When we use both probiotics and marine collagen peptides together, we are setting ourselves up for great gut health. While they may not prevent IBS, they can certainly alleviate and even stop the symptoms that come with it. Unhealthy bacteria in the gut exacerbates those nasty feelings of bloating, diarrhea, cramping, and constipation. As mentioned above, probiotics displace these unhealthy microbes. The change of the bacteria can assist those amino acids, such as glycine, to properly digest what we eat. Collagen plugs in the gaps in connective tissue that have been created in the intestinal lining.

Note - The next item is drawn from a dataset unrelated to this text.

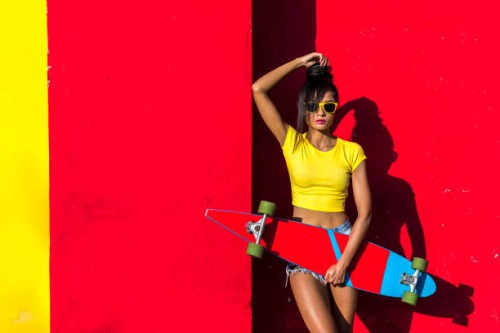 woman holding scateboard - fashion stock pictures, royalty-free photos & images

Think of marine collagen as the soothing ointment on a burn, while probiotics help the body to heal the burn.
While there have not been many scientific studies conducted on this relationship, it is "time-tested," meaning that we have lots of anecdotal evidence of its efficacy. However, we do have scientific evidence that, separately, marine collagen and probiotics produce healthy effects in the gut. It only stands to reason that using both together can increase your chances of taking your life back from IBS. Happy Gut Health To You!